I get that he was beloved. I felt this like a stomach punch when I heard it.

People are emotionally invested in the lives of public figures. I see it all the time. We call them by their first name. We seek their autographs. I see the younger set swooning over celebrities as though they may, just may be the one s/he picks to smile at, wink at, or – as I’ve seen – even talk to and want to befriend. There are those who talk about celebrities they’ve met as though they have made an impression upon him/her and will forever be remembered. I get that – I, too, was once a teenybopper.

But sometimes, the emotional investment goes too far.

The details of Robin Williams’s death are being read off a report, in exhaustive, minute detail. As though it is for public consumption. As though our emotional investment, even if it was the peripheral “Oh, that guy is so amazing, I’d love to meet him one day,” type, gives us free rein to wander through the intimate details of their lives – and deaths.

Why?

Is it our business? Is it our right to know?

People die every day. People we know, people we do not. People we know personally, people who are celebrities.

I can understand the press – and public – wanting to know the cause of death. Perhaps why this suicide happened and could it have been prevented? (though that can never be answered. Ever.)

I can understand those who make a living writing about celebrities wanting to know some details.

But is his body position, location in the home, location in the room – are those REALLY necessary?

It seems extraneous. It seems gratuitous. The sensationalistic gawking is not journalism. It is gossip and it is ugly.
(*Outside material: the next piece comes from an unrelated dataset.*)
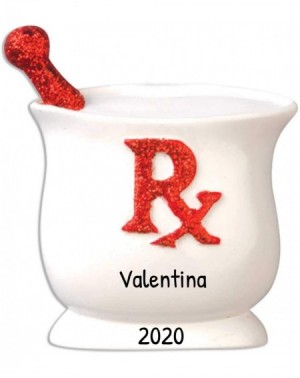 Ornaments Personalized Red Pharmacist Christmas Tree Ornament 2020 - Medicine Mixing Bowl Rx Pharmacologist Chemist Science H...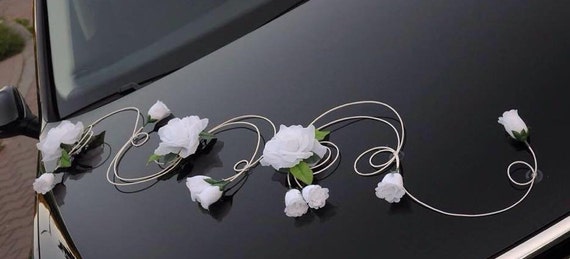 Wedding Car Decoration Kit Set White Hearts & Flowers and ONLY NOW FREE  Ribbon Bows for Doors Available Also in Red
It is an invasion. It made me uncomfortable enough to turn off my television.

It defiles his memory to be describing, in visual details, with analogies and description, the exact position of his body, and it dishonors his family’s request for privacy at this time.

I get that the announcement is also to dispel the possibility of foul play. But that is an internal investigation that should be taking place.

Now the talking heads will all take over. They will, no doubt, dissect the press conference. They will, absolutely for certain, recap the exact descriptions. They will invite the experts, the coroners and psychiatrists, the MacTherapists who will analyze the details they have now been gifted with, and apply them to the inner thoughts of a man about whom they knew nothing, outside of his films, his appearances, and his death. And about whom they have no right to surmise.

This angers me beyond belief. It disgusts me to no end.

Pay him tribute, by all means. He has earned it. He touched our lives with laughter and tears, and profundities and silliness. He will be honored for years to come, in magazines and television shows, movies (a biopic will be in the works, no doubt) and award shows. He should be. He was a Force in the entertainment world. Someone who was known to pretty much everyone in the world who knew entertainment.

But grieving is a profoundly painful, intimate, private matter. And a man’s last minutes of life, and journey into death – no matter how it happened – should never be public fodder.

I hope his family is avoiding the news. I hope they find peace within their own circle.

And I am not hopeful that the next celebrity death will be treated with any less rubbernecking than Robin Williams’s was.

This society has gone to the gawkers.

And perhaps, second only to the loss of an immensely gifted entertainer, that is the biggest tragedy of all.